An unfortunate Linux kernel bug coming to light just ahead of Christmas may cause frustration for some server administrators, particularly public cloud providers… It turns out with the Linux kernel releases since 2022, KVM guest virtual machines making use of Intel Advanced Matrix Extensions (AMX) is possible to cause the host to experience a kernel panic.
Linux KVM maintainer Paolo Bonzini of Red Hat posted a set of patches this evening for addressing this scenario of the host experiencing a possible panic as a result of AMX usage from within KVM guests. Presumably treated as a denial of service but as of writing haven’t seen any CVE report made public.
Advanced Matrix Extensions is one of Intel’s advantages with recent generations of Xeon Scalable processors. AMX can be quite beneficial for AI workloads with software ready to AMX. Unfortunately, an issue has been uncovered with KVM where AMX usage inside of a VM could lead to the host experiencing a panic from an unexpected #NM exception.
Bonzini explained with tonight’s patches on the mailing list:
“Fix a possible host panic, due to an unexpected #NM, when a KVM guest is using AMX features.
The guest’s XFD value, which is stored in fpstate->xfd, is used for both guest execution and host XSAVE operations. However, the guest-configured XFD setting can disable features that the host needs enabled to successfully XRSTOR the guest FPU state.”

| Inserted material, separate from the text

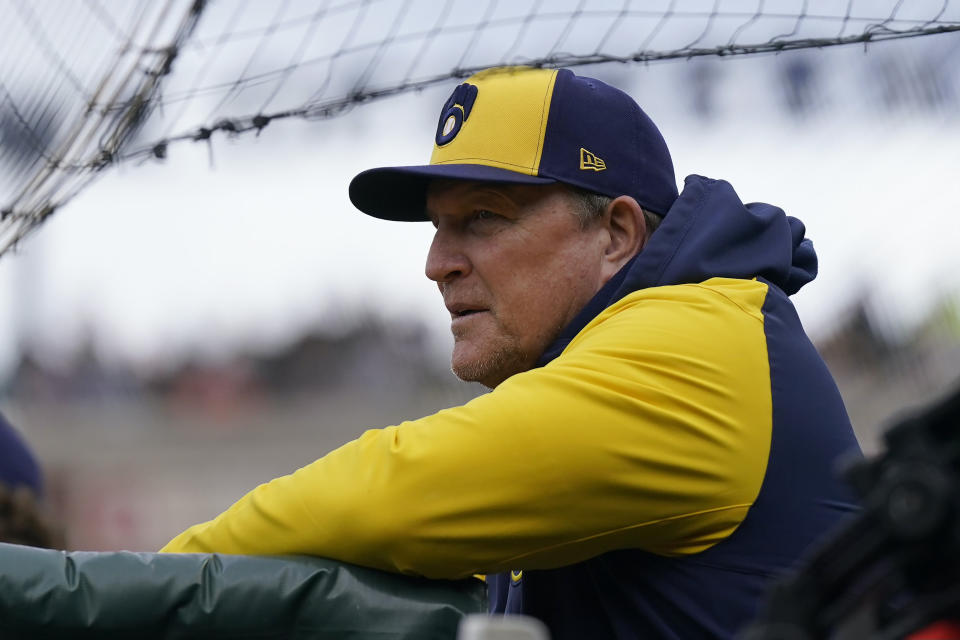 FILE - Milwaukee Brewers bench coach Pat Murphy watches during a baseball game against the San Francisco Giants in San Francisco, Saturday, May 6, 2023. After spending the last eight seasons as Craig Counsell’s bench coach, Murphy is taking over for his former boss as the Brewers’ manager, the baseball lteam announced, Wednesday, Nov. 15, 2023, just over a week after the Chicago Cubs announced they had hired Counsell away from Milwaukee. (AP Photo/Jeff Chiu, File)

Unfortunately, this affects all Linux kernel releases going back to January 2022 back with Linux 5.17. Thus pretty much all Intel AMX users in production. The patches are out for review on the mailing list but will presumably be sent in via a fixes pull ready to Linux Git in the coming days — assuming no holiday delays — and then back-ported to the various Linux kernel stable series.